WORK TO COMPLETE: The lines from the one containing "Stevie Nicks de" through the last line below, both ends included, must be reproduced exactly, with no pictures.

EXCERPTED RECORDS:
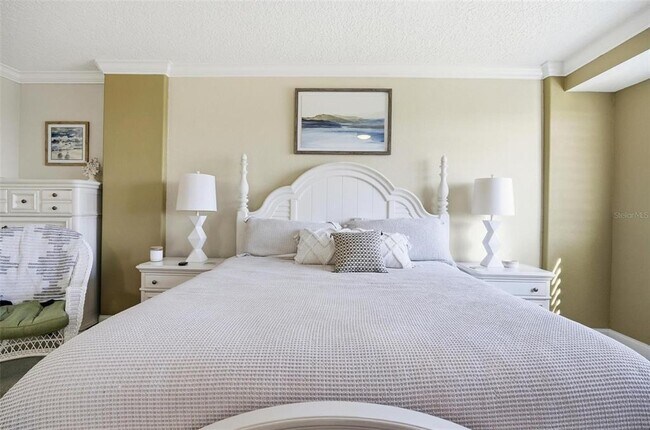 Building Photo - 60 Surfview Dr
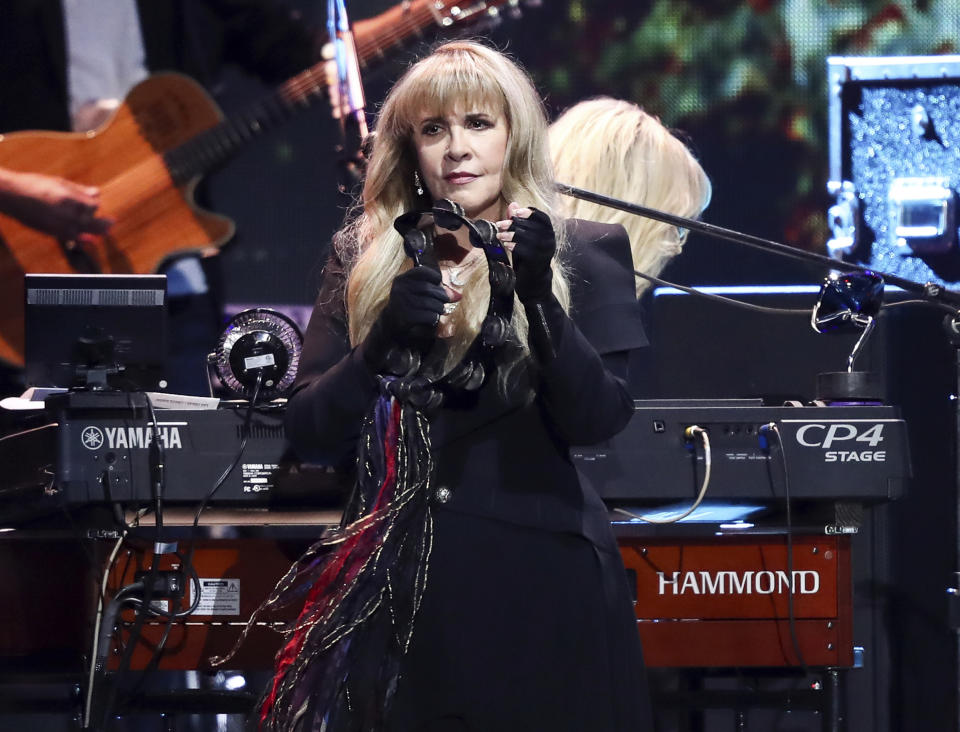 Stevie Nicks de la banda Fleetwood Mac se presentan en el primer día el Festival iHeartRadio 2018 en la Areina T-Mobile en Las Vegas en una fotografía del 21 de septiembre de 2018 en Las Vegas. Janet Jackson será incorporada al Salón de la Fama del Rock. Stevie Nicks se unirá como solista y los más votados por los fans, Def Leppard, también fomarán parte del salón. Roxy Music, Radiohead, The Cure y The Zombies serán incorporados igualmente. (Foto John Salangsang/Invision/AP)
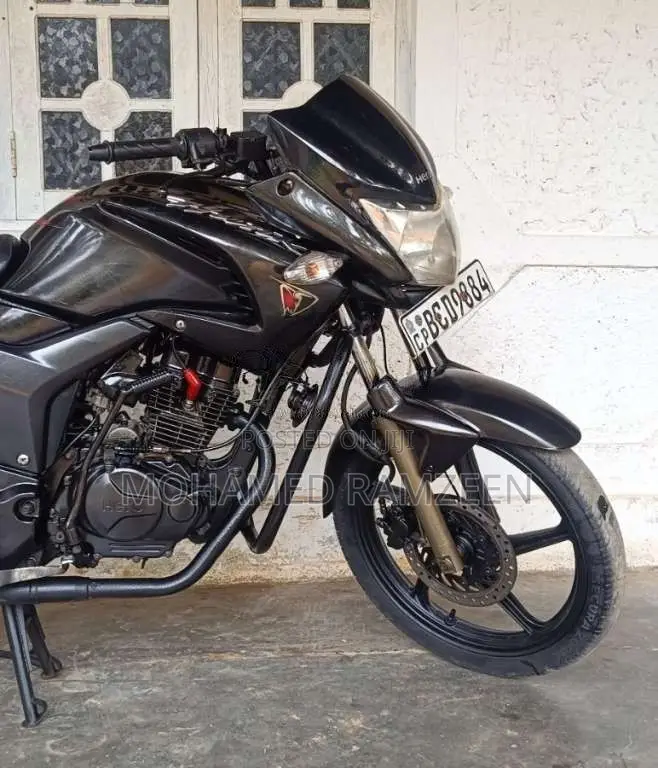 Hero Hunk 2014 Motorbike (Used)
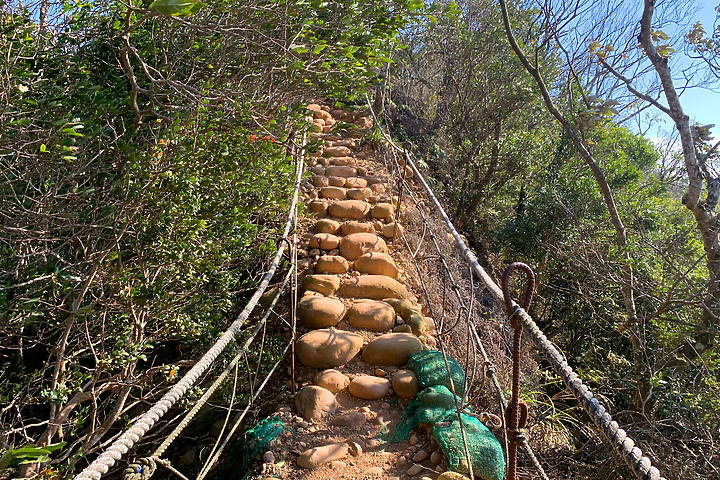 苗栗三義｜火炎山步道｜惡地大峽谷．山風狂烈窄稜陡坡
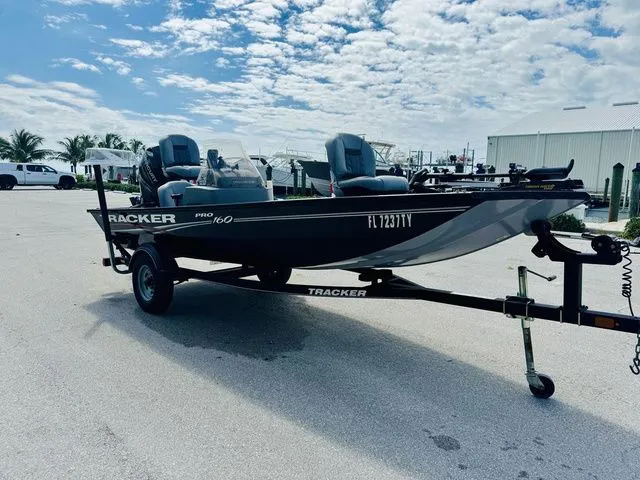 Slide: The Image of Tracker Pro 160 2018 - 14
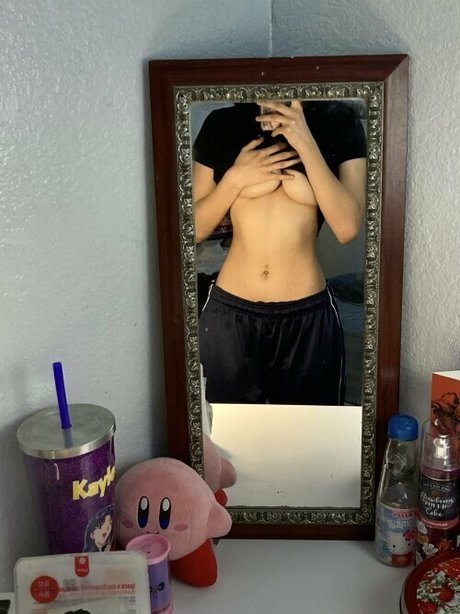 d00mlee nude model pictures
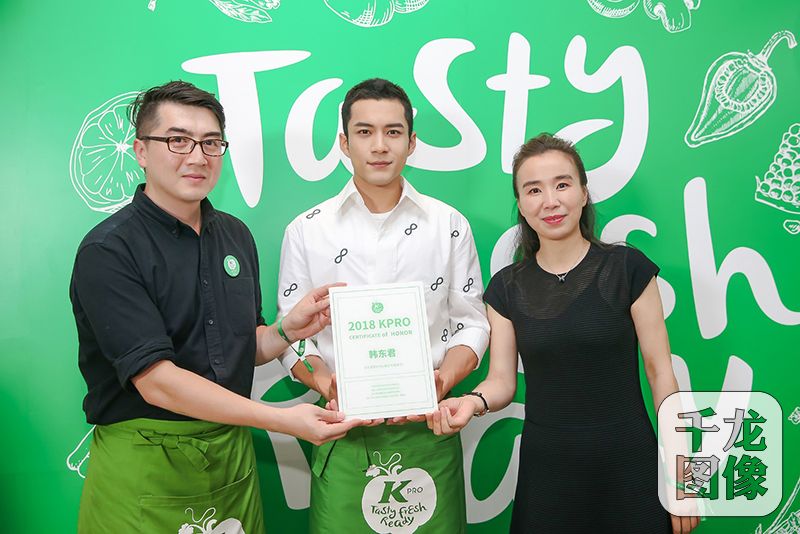 北京肯德基总经理赵莉(右)为韩东君授予"明星店长证书"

WRITTEN REPLY:
 Stevie Nicks de la banda Fleetwood Mac se presentan en el primer día el Festival iHeartRadio 2018 en la Areina T-Mobile en Las Vegas en una fotografía del 21 de septiembre de 2018 en Las Vegas. Janet Jackson será incorporada al Salón de la Fama del Rock. Stevie Nicks se unirá como solista y los más votados por los fans, Def Leppard, también fomarán parte del salón. Roxy Music, Radiohead, The Cure y The Zombies serán incorporados igualmente. (Foto John Salangsang/Invision/AP)
 Hero Hunk 2014 Motorbike (Used)
 苗栗三義｜火炎山步道｜惡地大峽谷．山風狂烈窄稜陡坡
 Slide: The Image of Tracker Pro 160 2018 - 14
 d00mlee nude model pictures
 北京肯德基总经理赵莉(右)为韩东君授予"明星店长证书"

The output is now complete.